*How to complete this task:* Each line of the records is to be returned verbatim, with the images omitted.

(Captioned web image data)
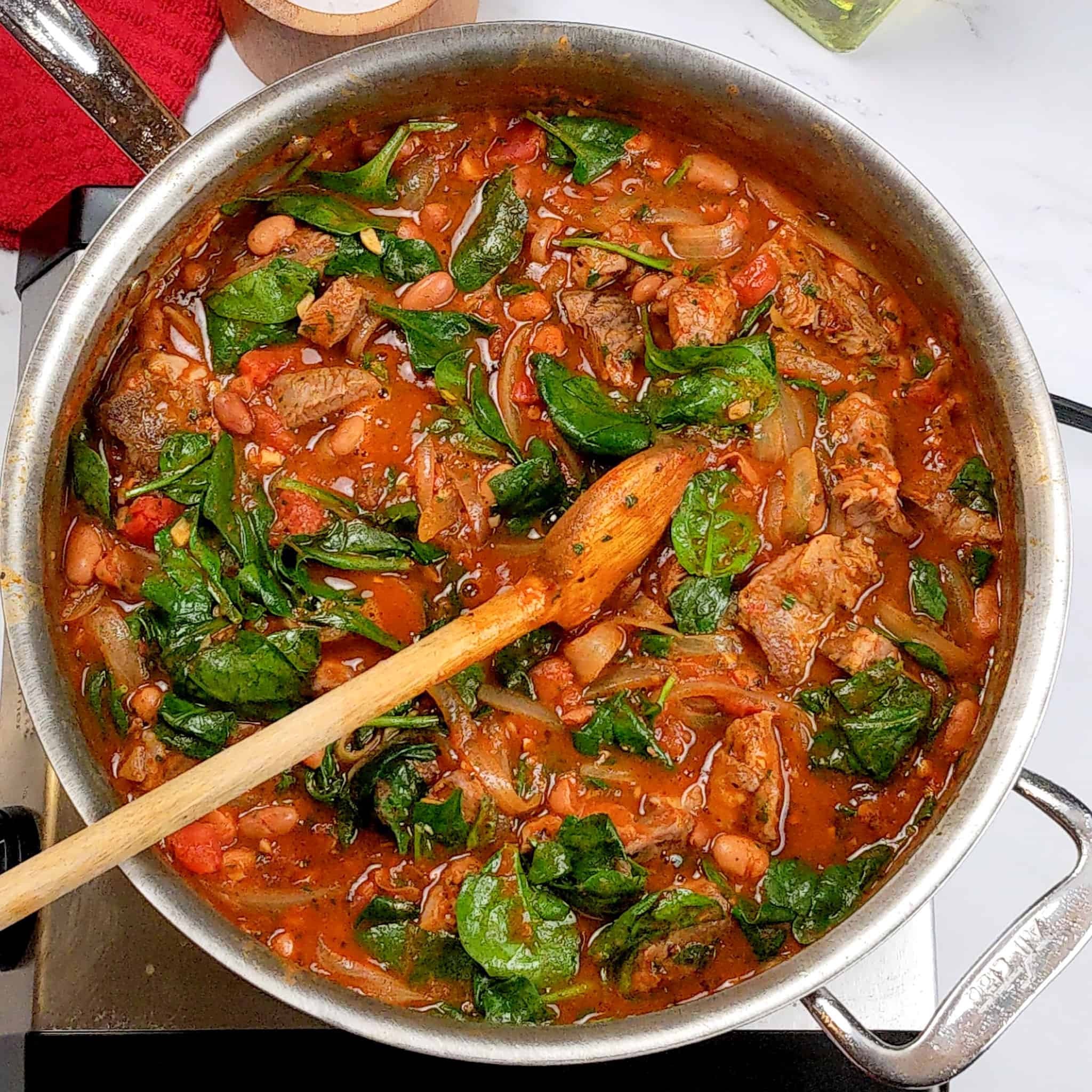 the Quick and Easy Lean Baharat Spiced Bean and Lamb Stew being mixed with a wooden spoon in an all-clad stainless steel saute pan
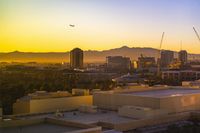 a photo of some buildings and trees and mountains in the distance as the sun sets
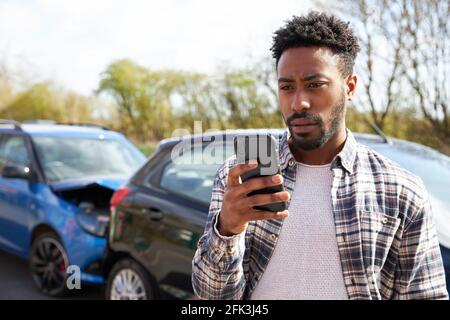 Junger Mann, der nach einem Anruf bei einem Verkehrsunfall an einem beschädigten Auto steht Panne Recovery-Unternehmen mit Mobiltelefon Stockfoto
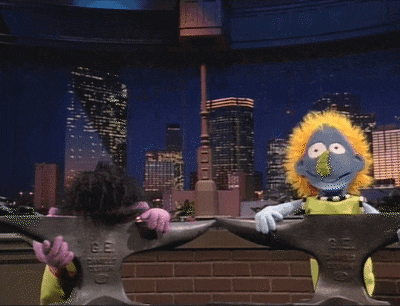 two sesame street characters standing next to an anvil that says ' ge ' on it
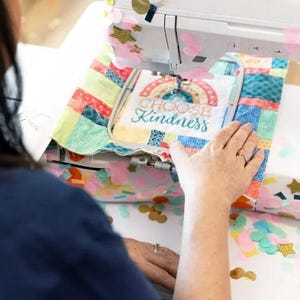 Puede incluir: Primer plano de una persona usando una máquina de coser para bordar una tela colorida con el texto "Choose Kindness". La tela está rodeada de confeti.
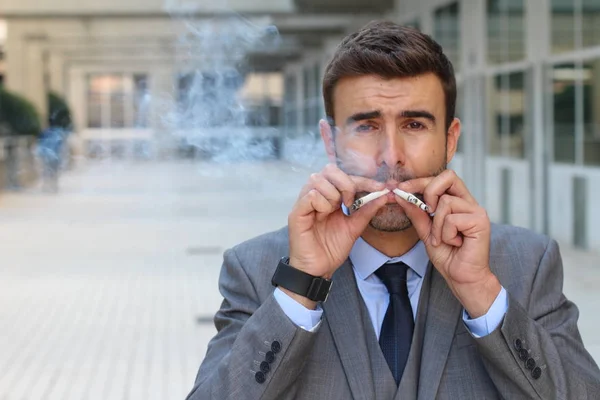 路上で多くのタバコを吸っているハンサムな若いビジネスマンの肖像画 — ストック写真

*Exercise result:*
 the Quick and Easy Lean Baharat Spiced Bean and Lamb Stew being mixed with a wooden spoon in an all-clad stainless steel saute pan
 a photo of some buildings and trees and mountains in the distance as the sun sets
 Junger Mann, der nach einem Anruf bei einem Verkehrsunfall an einem beschädigten Auto steht Panne Recovery-Unternehmen mit Mobiltelefon Stockfoto
 two sesame street characters standing next to an anvil that says ' ge ' on it
 Puede incluir: Primer plano de una persona usando una máquina de coser para bordar una tela colorida con el texto "Choose Kindness". La tela está rodeada de confeti.
 路上で多くのタバコを吸っているハンサムな若いビジネスマンの肖像画 — ストック写真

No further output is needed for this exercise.